_INFORMATION SHOWN_:
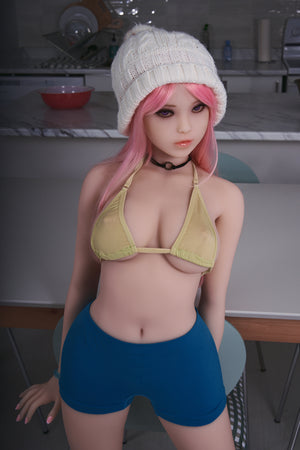 Phoebe elfe poupée sexuelle (Piper Doll 130cm d-kupa s-tpe)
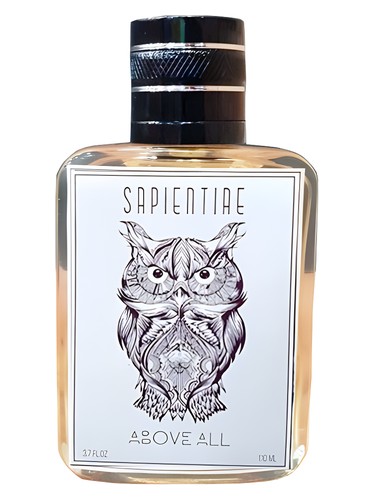 Above All by Sapientiae Niche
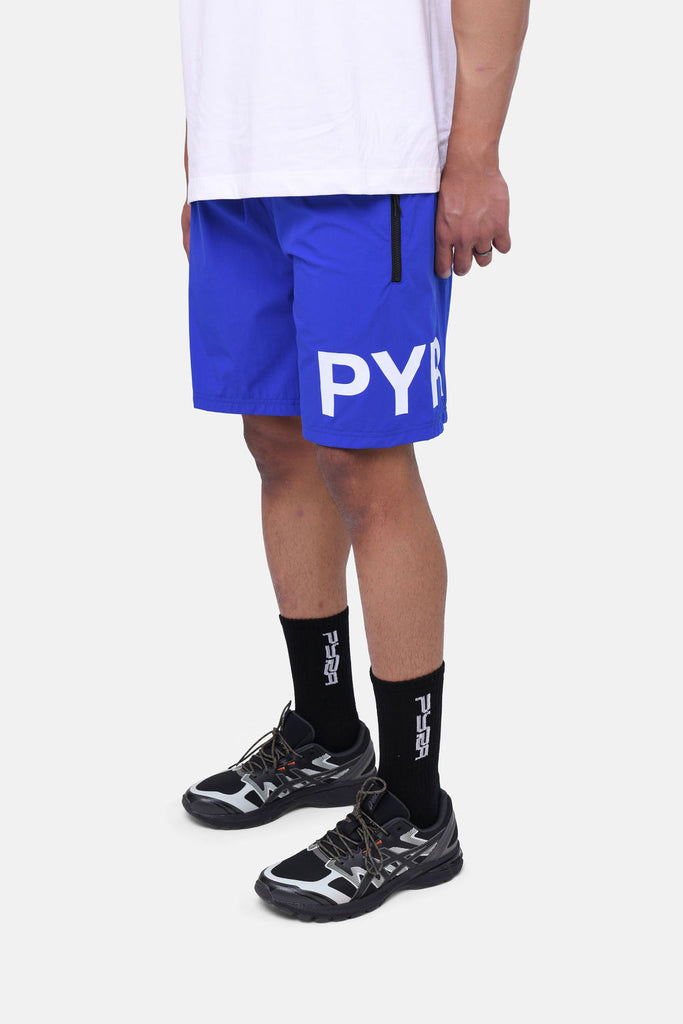 TEAM NYLON SHORT - COLBOLT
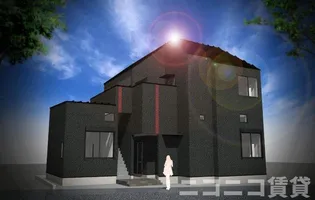 神奈川県横浜市緑区長津田2【アパート】の外観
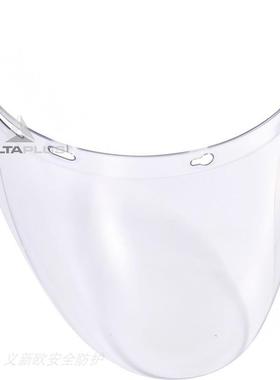 代尔塔101307高速粒子防电弧面屏聚碳酸酯注塑面屏厚度1.9-2mm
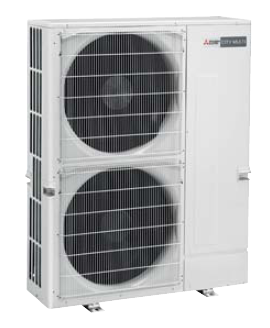 Наружный блок мини (mini) VRF ARV системы Mitsubishi Electric PUMY-P200YKM1
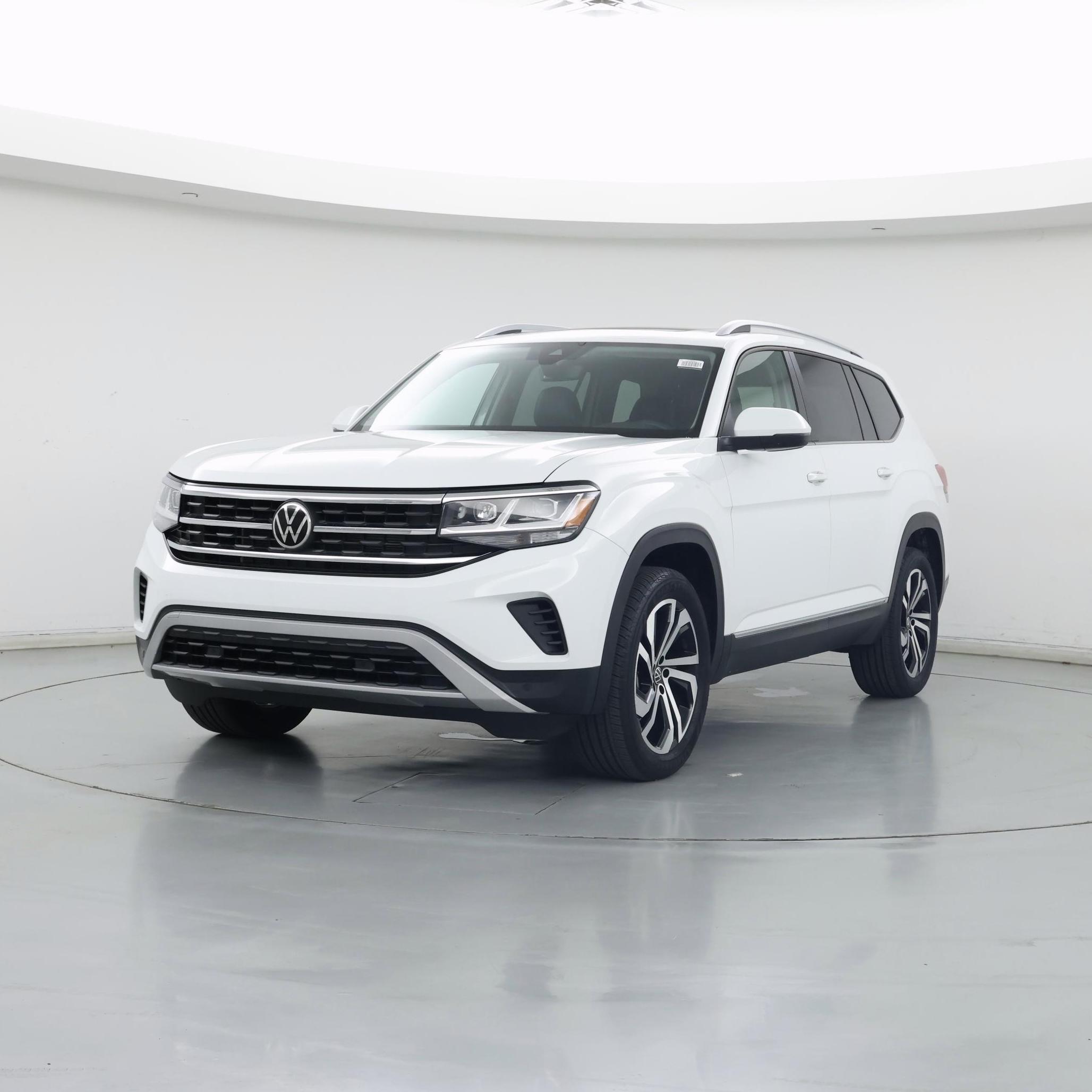 Thumbnail: 2022 Volkswagen Atlas - 4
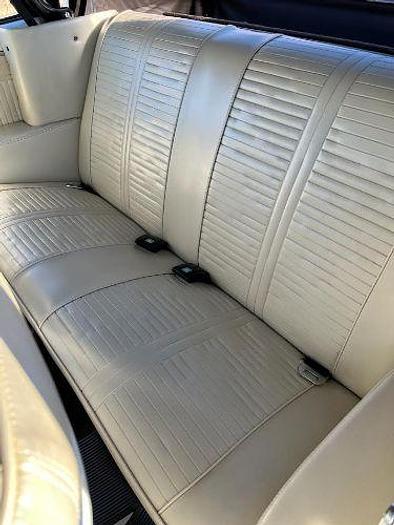 Used 1966 Pontiac GTO Convertible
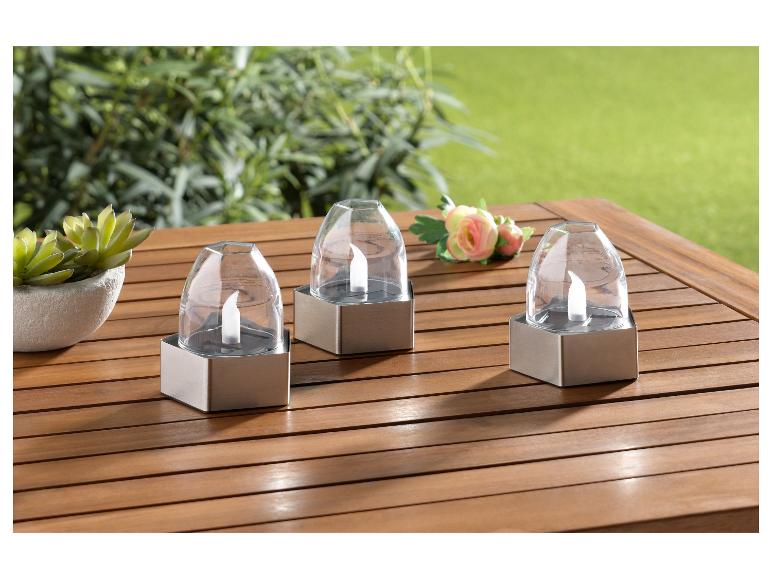 Solar LED-lampen of -tafelverlichting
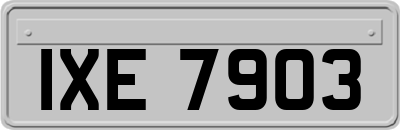 IXE7903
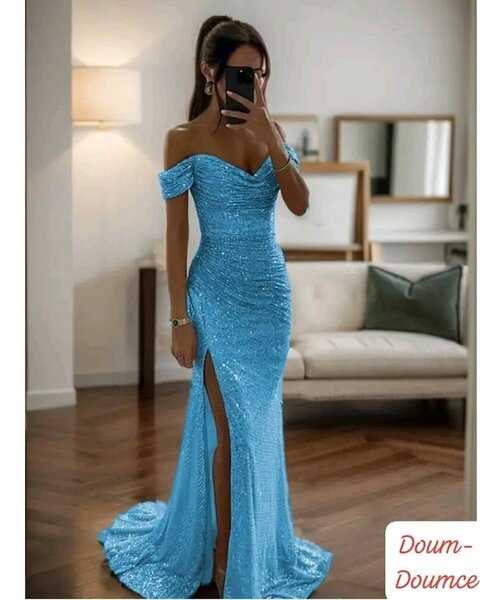 Robe de soirée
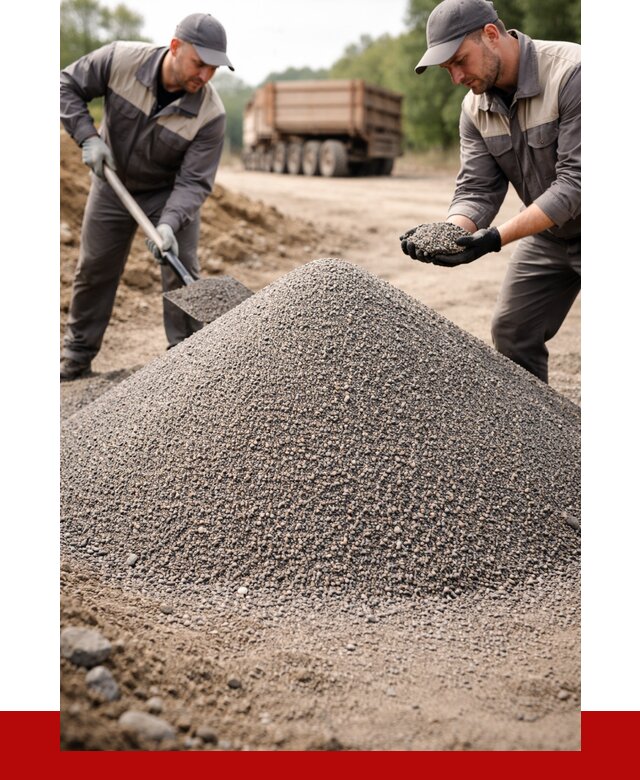 Гранитный отсев 0-10 в Арсеньеве от 2262 р. с доставкой | ПРОНЕРУДРсн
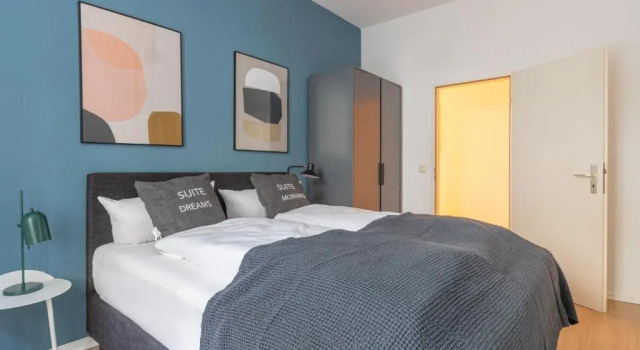 Люкс Superior Apartments Berlin Niederbarnimstraße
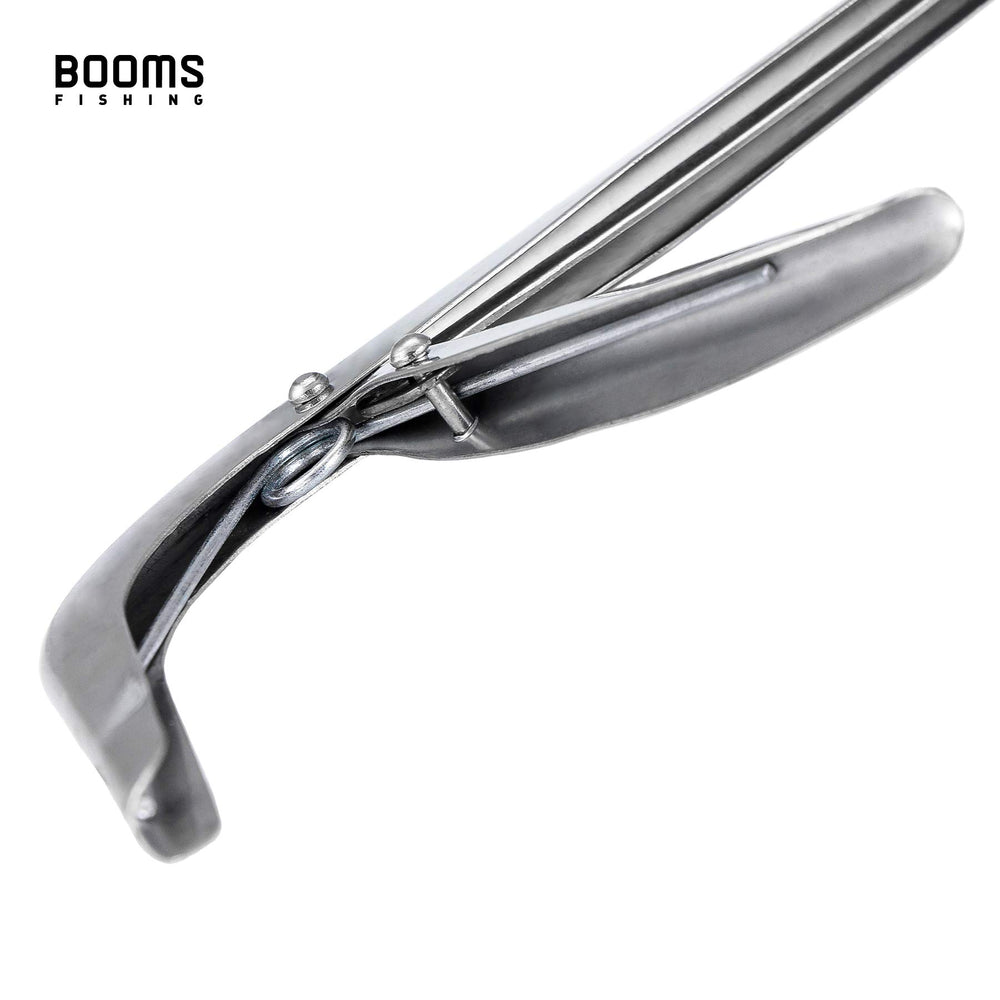 Close-up of corrosion-resistant stainless steel construction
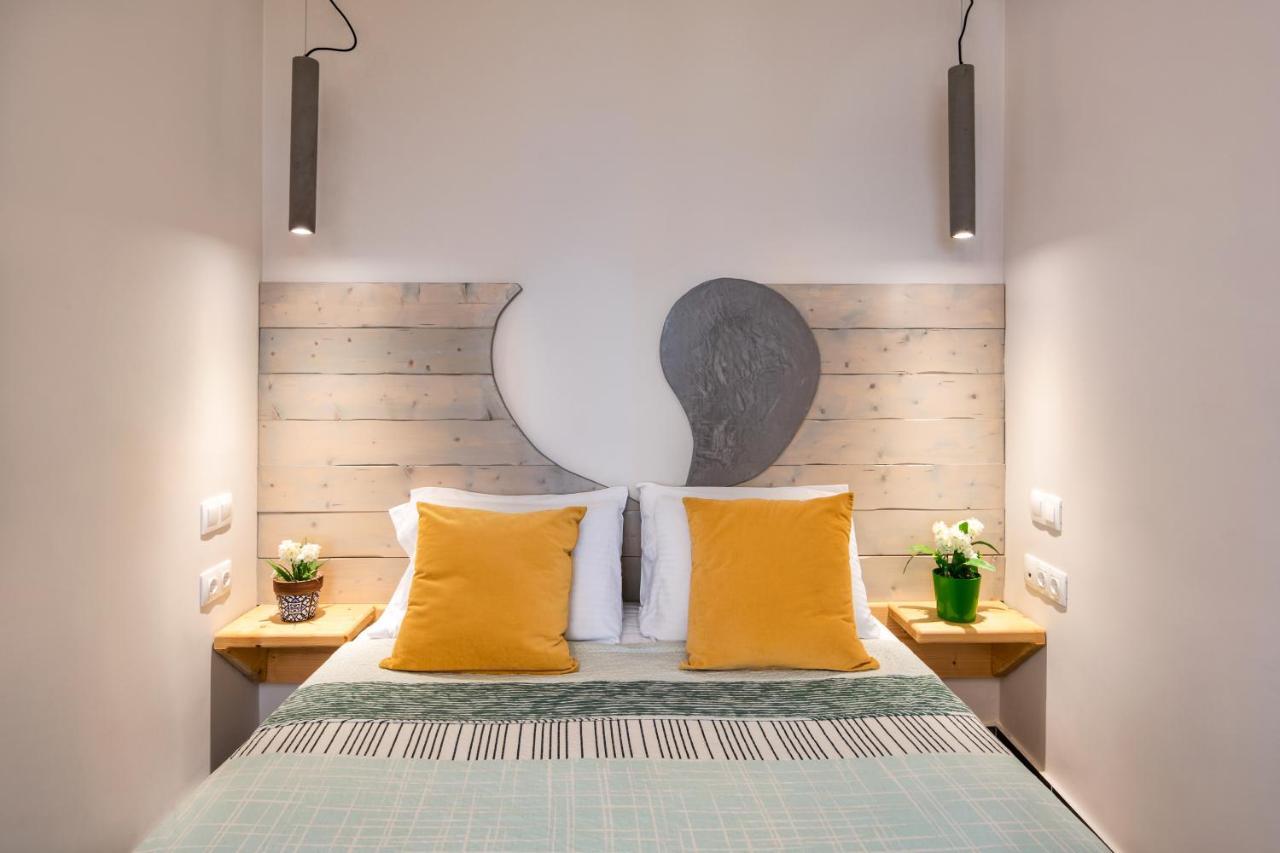 Afrodete Hotel Firostefani Luaran gambar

_TO DO_:
Print out the whole listing word for word. Leave the pictures out.

_RESPONSE BELOW_:
 Phoebe elfe poupée sexuelle (Piper Doll 130cm d-kupa s-tpe)
 Above All by Sapientiae Niche
 TEAM NYLON SHORT - COLBOLT
 神奈川県横浜市緑区長津田2【アパート】の外観
 代尔塔101307高速粒子防电弧面屏聚碳酸酯注塑面屏厚度1.9-2mm
 Наружный блок мини (mini) VRF ARV системы Mitsubishi Electric PUMY-P200YKM1
 Thumbnail: 2022 Volkswagen Atlas - 4
 Used 1966 Pontiac GTO Convertible
 Solar LED-lampen of -tafelverlichting
 IXE7903
 Robe de soirée
 Гранитный отсев 0-10 в Арсеньеве от 2262 р. с доставкой | ПРОНЕРУДРсн
 Люкс Superior Apartments Berlin Niederbarnimstraße
 Close-up of corrosion-resistant stainless steel construction
 Afrodete Hotel Firostefani Luaran gambar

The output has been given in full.